厳しい数字が並ぶ中で、唯一の希望として輝きを放っているのが「ラグビーワールドカップ2019」の影響です。この国際的なビッグイベントの開催期間中、欧米豪(欧州・米国・オセアニア)からの宿泊客数は前年比51.6%増の2万9980人を記録しました。いわゆる「インバウンド(訪日外国人旅行)」の質が、短期滞在型から長期滞在・高付加価値型へとシフトし始めている兆しが見て取れます。

ここで注目したいのが「延べ宿泊者数」という指標です。これは、特定の期間に宿泊施設に泊まった人数の合計を指し、観光消費額に直結する重要なバロメーターとなります。九州運輸局の調査によれば、従業員10人以上の施設における外国人延べ宿泊者数は27.5%減少していますが、ラグビーファンによる長期滞在が、一部の減少分を補う形となりました。

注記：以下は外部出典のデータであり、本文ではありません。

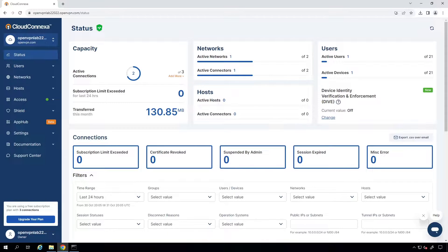RDP stands for Remote Desktop Protocol. It's a proprietary protocol developed by Microsoft that allows users to connect to another computer over a network connection in a graphical interface, making it look and feel like they're interacting with a remote computer locally.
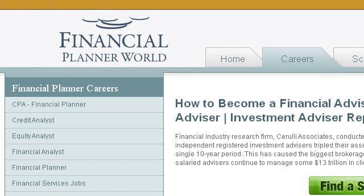The most helpful site to learn about how to become a financial advisor in Canada is www.financialplannerworld.com, specifically the page titled 'How to Become a Financial Advisor / Registered Investment.' Here is the link.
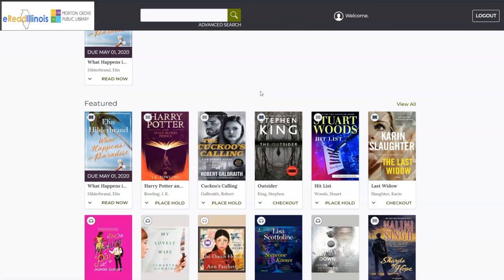If you have any questions or need any help using Access360, please contact the Info Desk by phone or email. You can also use the Chat with Us feature on the bottom of the library's website.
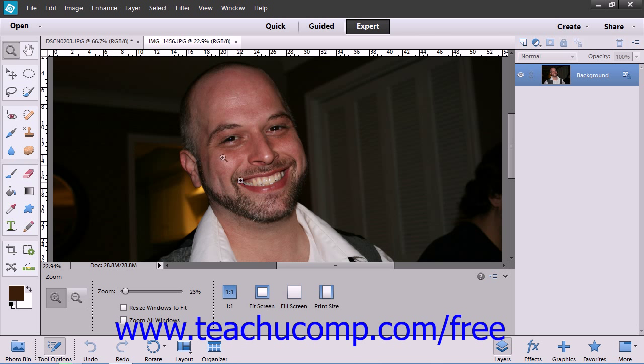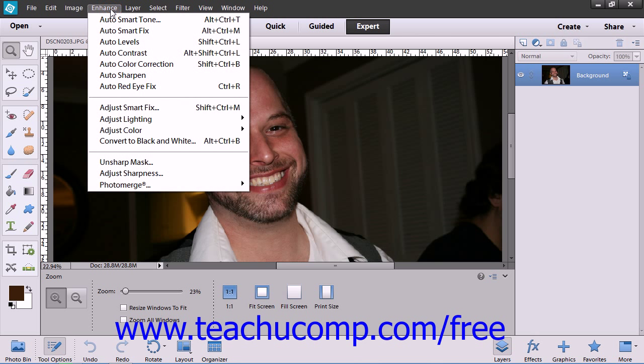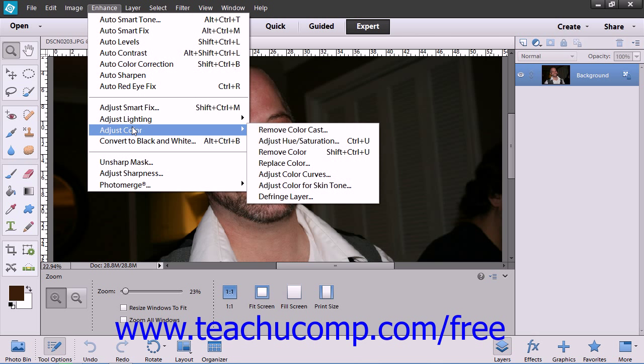Once you make your selection, choose Enhance from the menu bar, roll down to Adjust Color, and then choose the Adjust Color for Skin Tone command.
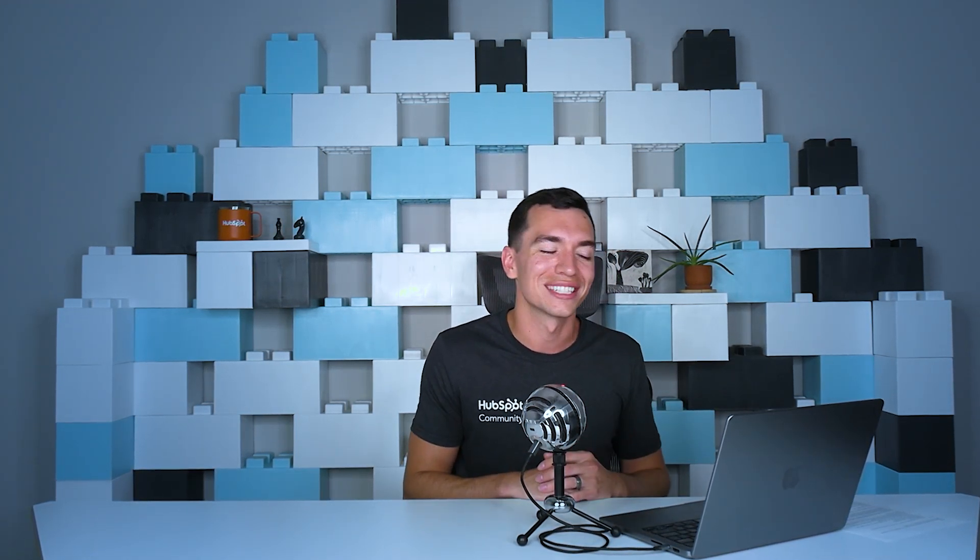So we're going to show you how to level up those historical data controls with a tool from our friends at SysCloud. Now they are a promotional partner for us, but I've seen their product in action and let me tell you, I'm a fan. So let's show you how it works.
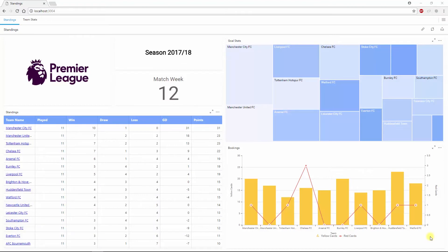Hi there. Welcome to this video on working with dashboard filters. Dashboard filters help to visualize different combinations of data in a single dashboard. Instead of creating a separate dashboard to visualize a subset of data, dashboard filters help you analyze them within the same view.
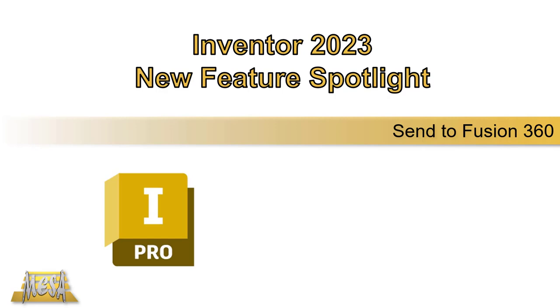Hello, I'm Steve Olson, the Manager of Training Services for Mesa. In this video, I'd like to take a look at a new feature in Inventor 2023 that will allow us an easy way to send our designs to Fusion 360, so we can utilize workflows in Fusion 360 for manufacturing, simulation, and generative design.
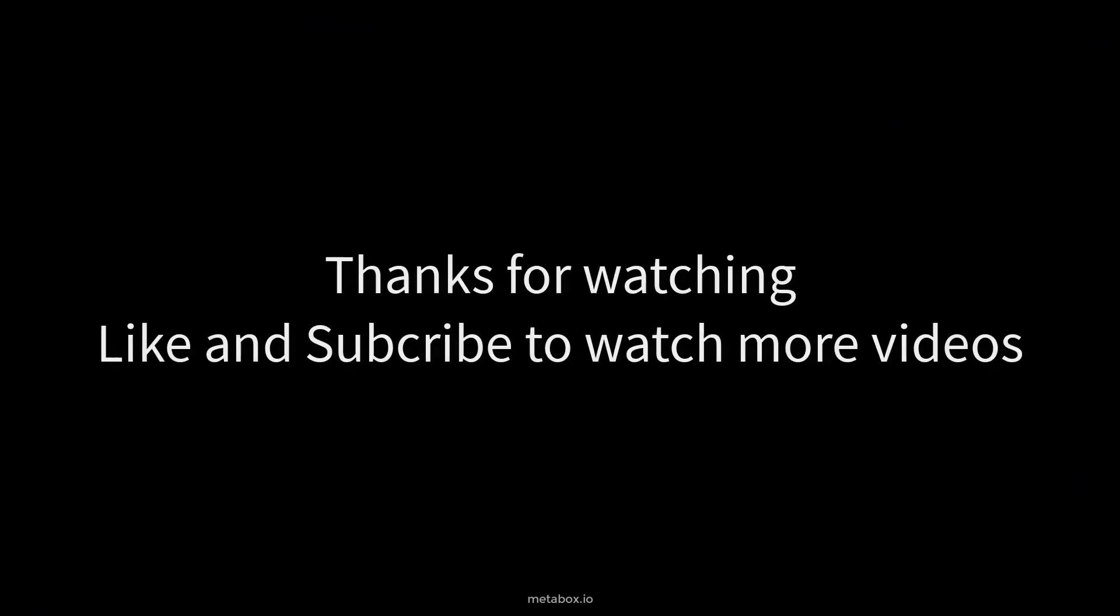So, we've done creating new custom post types and custom taxonomies with MB Custom Post Types and Custom Taxonomies. Thanks for watching and remember to like and subscribe to our channel to have more tutorials. Bye.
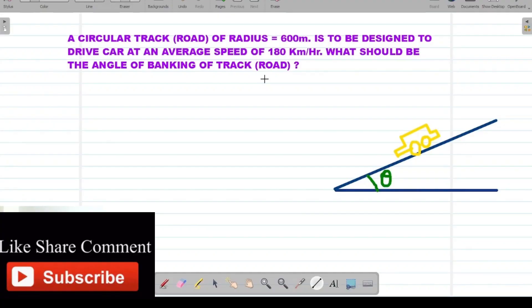Good morning students, welcome to the class of mathematics. Today we will see how the numericals of banking of roads are solved. There is a circular track, and banking means an inclination — here of 30 degrees. This is called banking of road; theta is the banking angle, meaning the road is tilted at theta. This is made to prevent overturning of any vehicle at high speed.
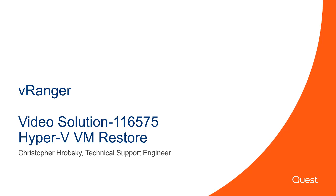Thank you for viewing solution 116575, Hyper-V VM Restore.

私は、今回の韓国客の激減は九州観光にとっての「産みの苦しみ」であると考えています。特定の隣国に過度に頼るモデルは、外交問題という自分たちでは制御不能なリスクに常に晒されています。今後は、ラグビーW杯で培った欧米豪へのアプローチを活かし、広域なプロモーションを展開していくべきでしょう。九州の豊かな自然や食文化は、世界中の人々を魅了するポテンシャルを十分に秘めているはずです。